FIG. 2 is a side view of the thermal head of FIG. 1 viewed from an X direction.

FIG. 3 is a side view of the thermal head of FIG. 1 as viewed from a Y direction.

FIG. 4 is a perspective view showing a radiator plate 3 of the thermal head of FIG.

FIG. 5 is a perspective view showing another embodiment of the thermal head of the present invention.

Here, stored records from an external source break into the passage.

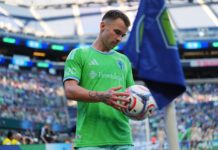 Sounders empatan sin goles ante Red Bull New York en Lumen Field Jugador de Seattle Sounders FC sostiene un balón junto al banderín de esquina en Lumen Field antes o durante el partido ante Red Bull New York.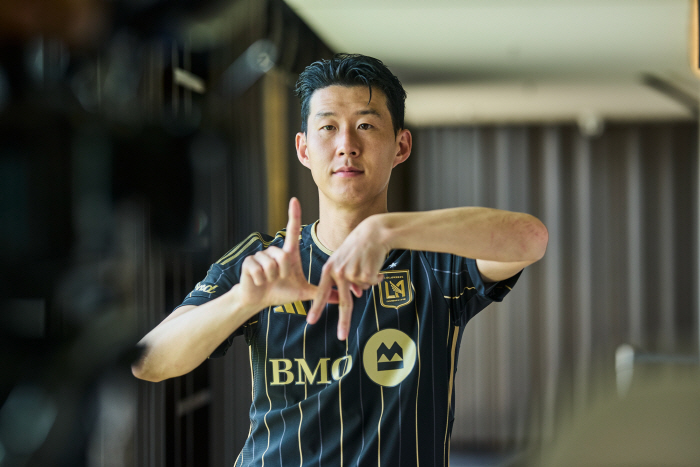 Son Heung-min, who earned 1 trillion won in an emergency, left Tottenham, and immediately hit the finances...Fans follow players rather than clubs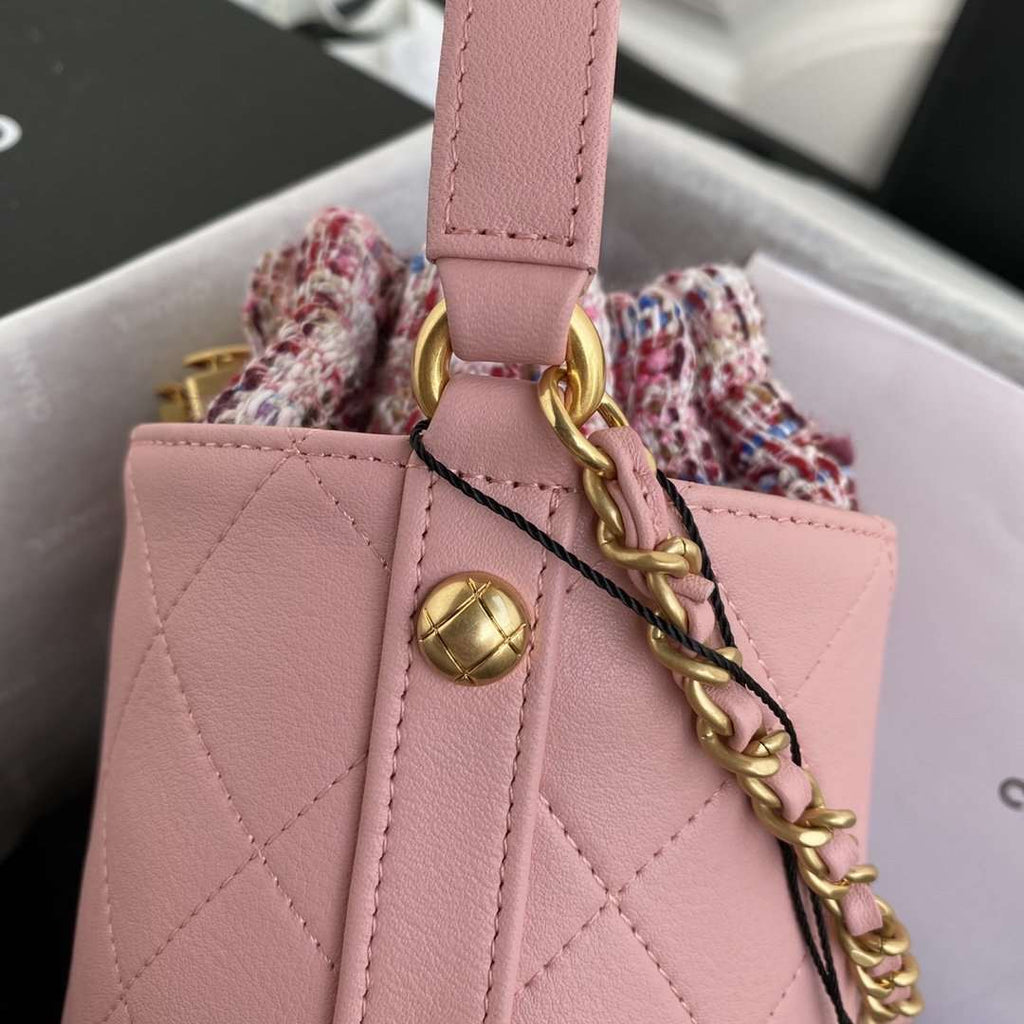 2020 Tweed Soul Bucket Bag Pink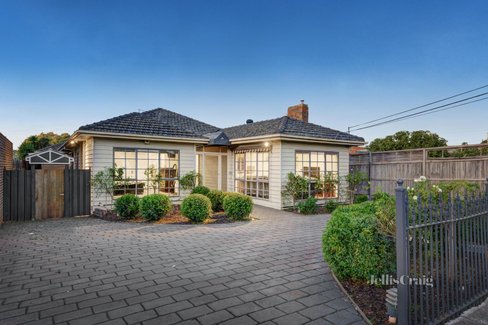 111 Parkmore Road Bentleigh East 3165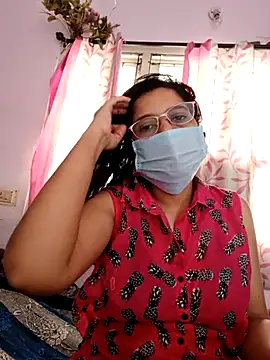 Snapshot of thanusi_2 chatting on 03-09-26, 04:27 thanusi 2 online show from 03-09-26, 04:27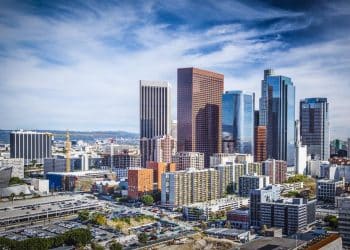 10 Famous Singers from California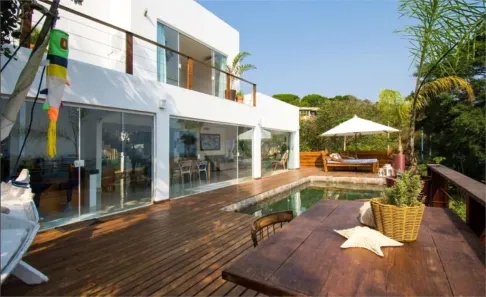 Casa com 4 Quartos à venda, 138m² no Albatroz, Armação dos Búzios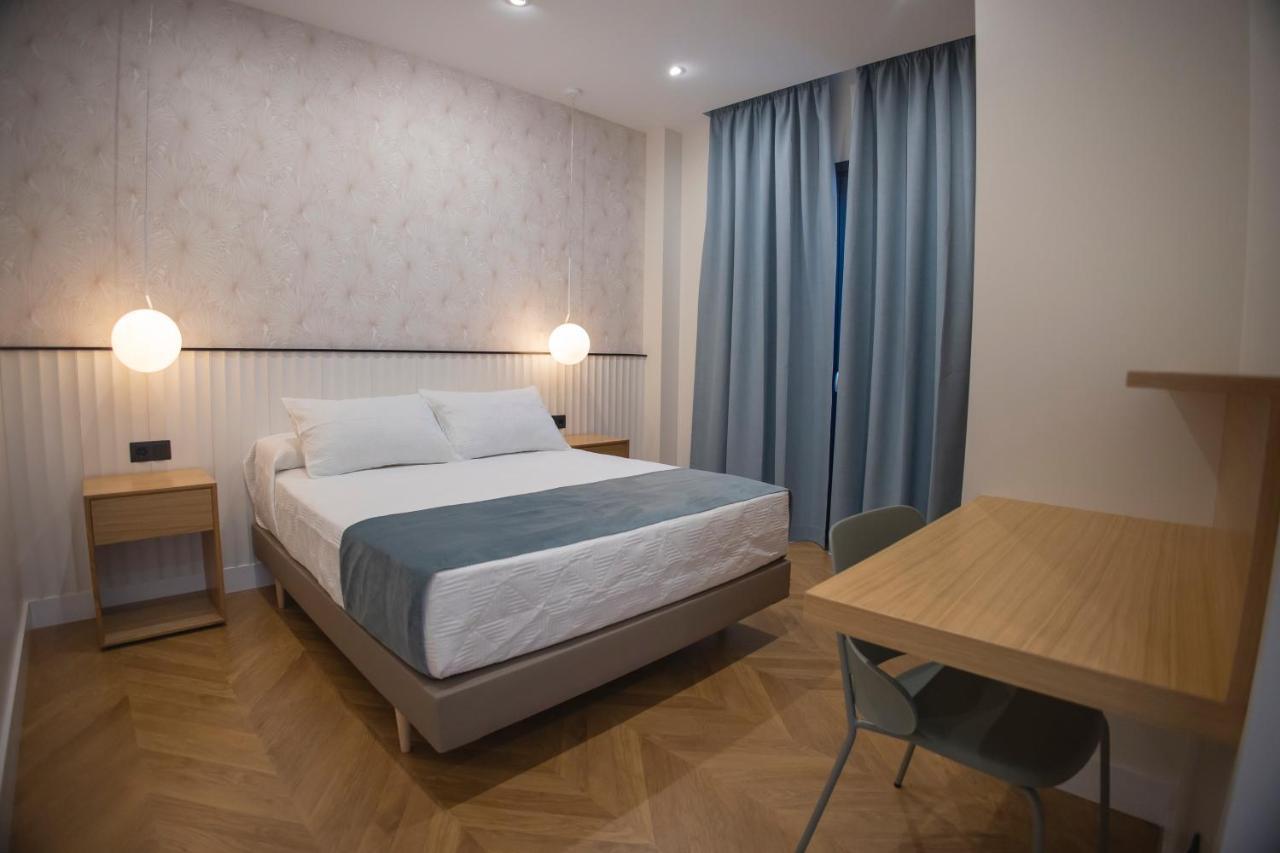 Oikos Apartamentos Turisticos Монестерио Экстерьер фото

FIG. 6 is a side view of a conventional thermal head.

[Explanation of symbols]

 DESCRIPTION OF SYMBOLS 1 ... Head board 2 ... Heating resistor row 2a ... Heating resistor 3 ... Heat sink 3a ... Stop part 3b ... Groove part

Claims (1)

[Claims] 1. A thermal head comprising: a head substrate provided with a plurality of heating resistor arrays each including a plurality of heating resistors along one side of an upper surface; A stop portion for positioning the head substrate by bringing the end surface of the head substrate into contact with a region located outside both ends of the heating resistor row, and a groove portion formed directly below the inside of the stop portion. A thermal head characterized by the following.